Wisdom, in Woody Allen's case, might involve slowing down his output, so that his film-a-year factory doesn't crank out product characterized mainly by a watery sameness. (Allen's latest, Match Point, received some good notices at Cannes, which may suggest a return to early form. But doesn't every Allen movie raise that hope?) On the other hand, Clint Eastwood seems to be getting stronger with each outing, culminating in this year's Oscar for Million Dollar Baby. There was a point when he might have been remembered only as a squint-eyed punch line, or as the director of such non-classics as Firefox. But since the biopic Bird in 1988, he's spent his capital widely and well, directing everything from tough dramas like Mystic River to the well-crafted ballad The Bridges of Madison County.
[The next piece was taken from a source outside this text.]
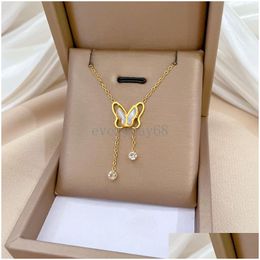 Pendant Necklaces 316L Stainless Steel Vintage White Shell Butterfly Necklace For Women Long Zircon Chain Tassel Elegant Jewelry Drop Dhvxv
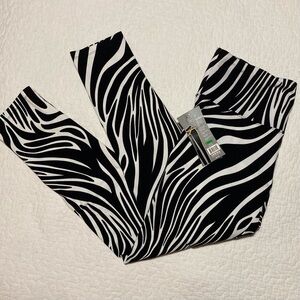 Slimsation By Multiples Zebra Print Leggings - Black and White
In an essay published just after his death, Edward Said -- wrestling with the highly personal issue of his own mortality -- looked at the new patterns forged by artists at the end of their lives, the period he called "late style." He points out that what is often most celebrated about the older artist is a reconciliation or calmness, a summing up of a life's work. But what Said found more intriguing were the artists, like Ibsen, who took all the jigsaw pieces and flung them in the air -- the artists who used the end of their creative lives as a time for unorthodoxy and chaos. "What if age and ill health," he wrote, "don't produce serenity at all?"
At the risk of giving Said heartburn in the hereafter, let us now say two words: Sylvester Stallone. That's right, Sylvester Stallone. At this point in his life, Rocky could sit at home staring at his dining-room table with an image of Brigitte Nielsen carved into it, or look for a home for his kooky mother. And admittedly, he is planning a new Rambo film. But he has also written a screenplay and wants to direct a film about Edgar Allan Poe.
Only a person liberated by age and experience (or one very young and foolish) would embark on such a project, which carries with it the prospect of manhood-shrivelling mockery. More power to the geezer. If not now, when?